California Court of Appeals, Second District, Eighth Division
Feb 14, 2024
No. B329514 (Cal. Ct. App. Feb. 14, 2024)

Opinion

B329514

02-14-2024

THE PEOPLE, Plaintiff and Respondent, v. COBY MORGAN WARE, Defendant and Appellant.

Jolene Larimore, under appointment by the Court of Appeal, for Defendant and Appellant. Rob Bonta, Attorney General, Lance E. Winters, Chief Assistant Attorney General, Susan Sullivan Pithey, Senior Assistant Attorney General, Jason Tran, Supervising Deputy Attorney General, and Taylor Nguyen, Deputy Attorney General, for Plaintiff and Respondent.


NOT TO BE PUBLISHED

APPEAL from an order of the Superior Court of Los Angeles County, No. LA097808, Neetu S. Badhan-Smith, Judge.

Jolene Larimore, under appointment by the Court of Appeal, for Defendant and Appellant.

Rob Bonta, Attorney General, Lance E. Winters, Chief Assistant Attorney General, Susan Sullivan Pithey, Senior Assistant Attorney General, Jason Tran, Supervising Deputy Attorney General, and Taylor Nguyen, Deputy Attorney General, for Plaintiff and Respondent.

WILEY, J.

Coby Morgan Ware used someone else's identity to run a tab at a hotel. He appeals a restitution order to repay the hotel. We affirm.

Undesignated statutory citations are to the Penal Code.
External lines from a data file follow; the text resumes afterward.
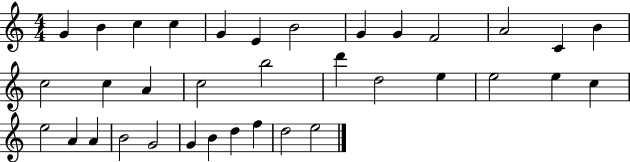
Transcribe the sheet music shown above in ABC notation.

X:1
T:Untitled
M:4/4
L:1/4
K:C
G B c c G E B2 G G F2 A2 C B c2 c A c2 b2 d' d2 e e2 e c e2 A A B2 G2 G B d f d2 e2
Beginning on September 4, 2022, Ware rented hotel rooms using Ronald Holloway's identity. To check in, Ware used an identification card and credit card with Holloway's name. Ware sometimes rented multiple rooms at a time. In total, he owed the hotel nearly $12,000, which he attempted to pay using Holloway's and another person's credit cards.

On September 27, 2022, the hotel called the police because a credit card company had reversed charges for Ware's rooms due to fraud. Police arrested Ware. They found an identification and credit card in Holloway's name, as well as licenses and credit cards in other people's names.

The prosecution charged Ware with unauthorized use of personal identifying information of Holloway on September 4, 2022 (§ 530.5, subd. (a)) (count one), and three counts of possession of personal identifying information with intent to defraud after an earlier conviction for unauthorized use of personal identifying information on September 27, 2022 (id., subd. (c)(2)) (counts two, three, and four).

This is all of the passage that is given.